START Record set

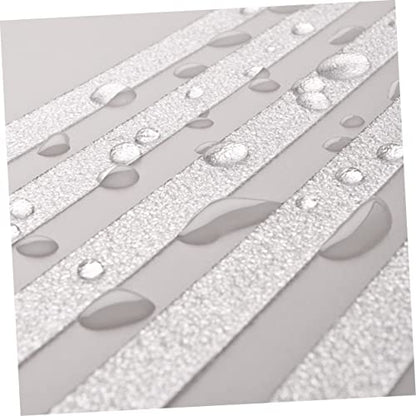 TIDTALEO 36pcs Non Slip Slip Strips for Bath Safety Transparent Shower Stickers Adhesive Bath Treads for Bathtubs Showers Stairs and Floors - size: 36 Pcs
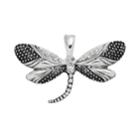 Wearable Art Dragonfly Pendant, Women's, Silver
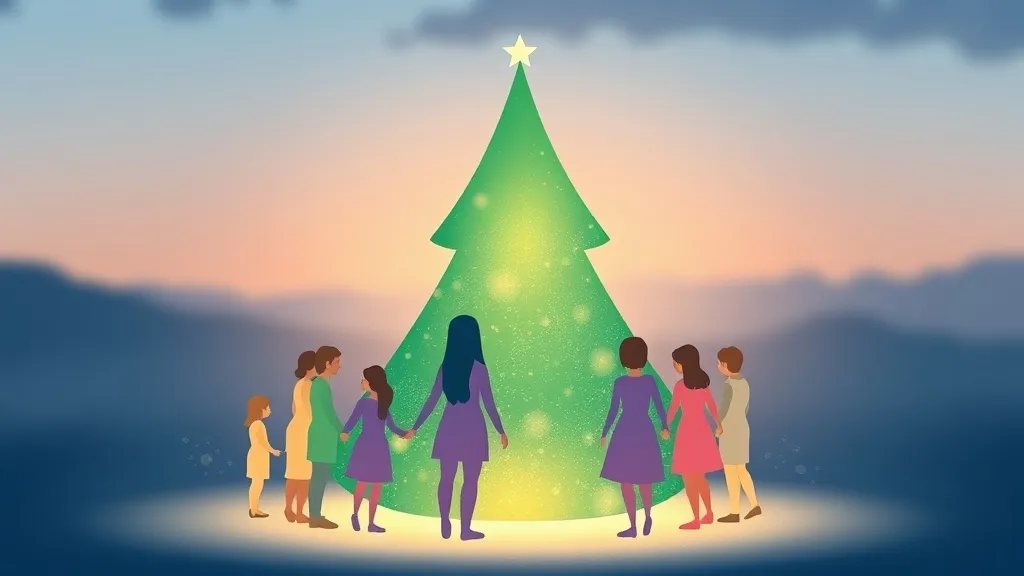 Dream symbol: shape like christmas trees: symbolism: Family and Togetherness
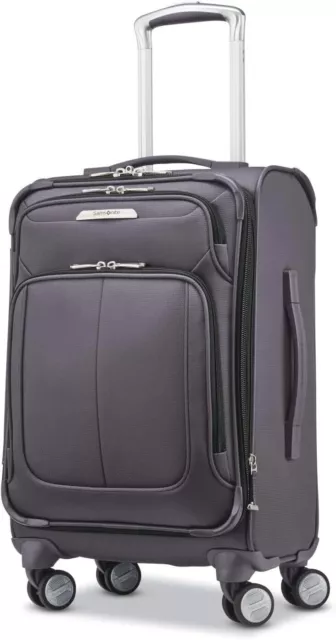 Samsonite Solyte DLX Softside Expandable Carry-On 20-Inch, Mineral Grey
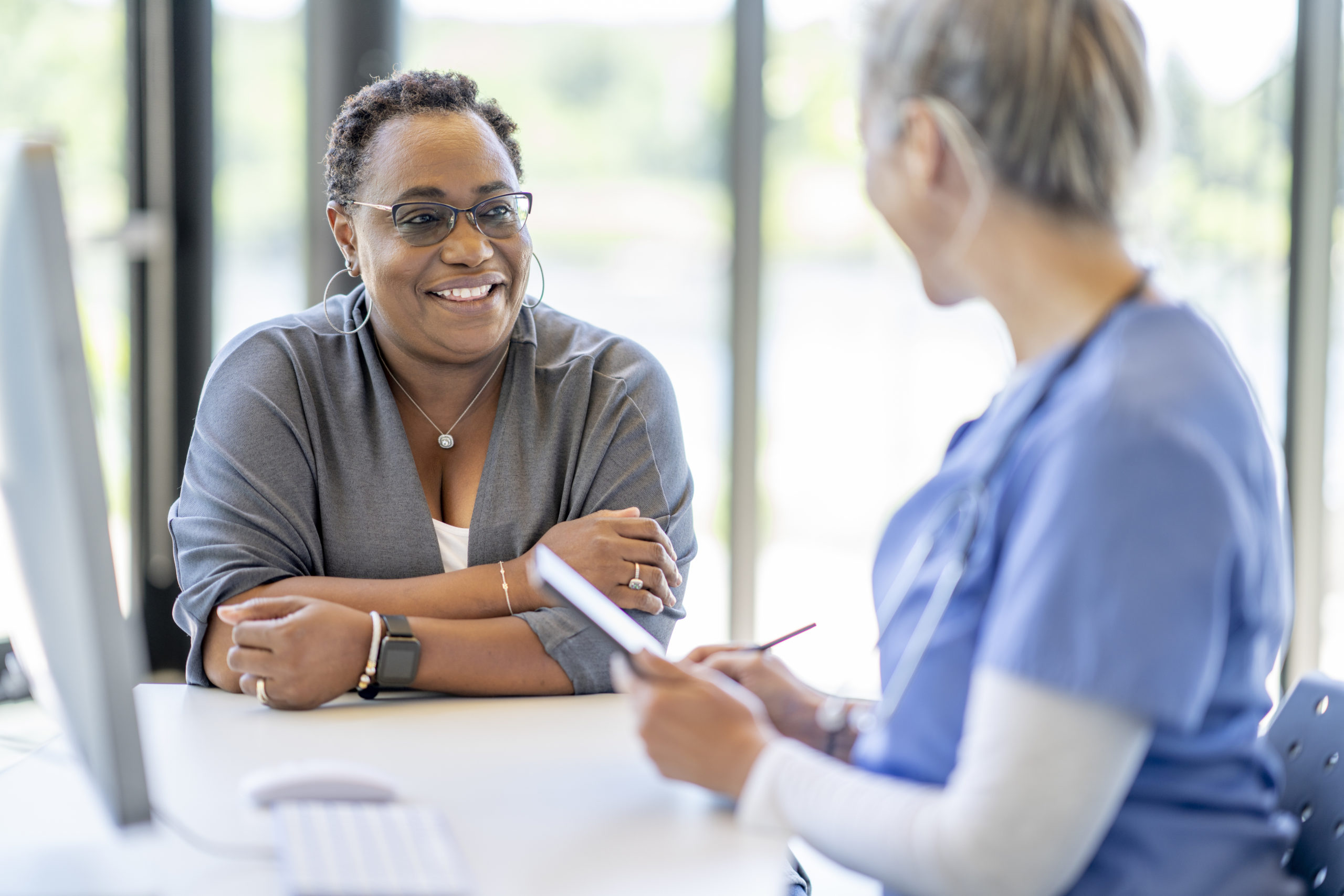 African Woman At A Medical Appointment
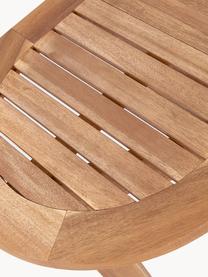 Opklapbare balkontafel Wings van acaciahout, Acaciahout, FSC®-gecertificeerd, Acaciahout, B 80 x D 45 cm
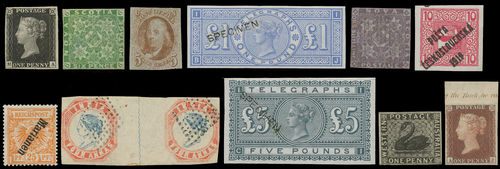 Representative collection of stamps and covers in e-shop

END Record set

> _To do_
In the copy, include every record exactly and no pictures.

> _Exercise output_
 TIDTALEO 36pcs Non Slip Slip Strips for Bath Safety Transparent Shower Stickers Adhesive Bath Treads for Bathtubs Showers Stairs and Floors - size: 36 Pcs
 Wearable Art Dragonfly Pendant, Women's, Silver
 Dream symbol: shape like christmas trees: symbolism: Family and Togetherness
 Samsonite Solyte DLX Softside Expandable Carry-On 20-Inch, Mineral Grey
 African Woman At A Medical Appointment
 Opklapbare balkontafel Wings van acaciahout, Acaciahout, FSC®-gecertificeerd, Acaciahout, B 80 x D 45 cm
 Representative collection of stamps and covers in e-shop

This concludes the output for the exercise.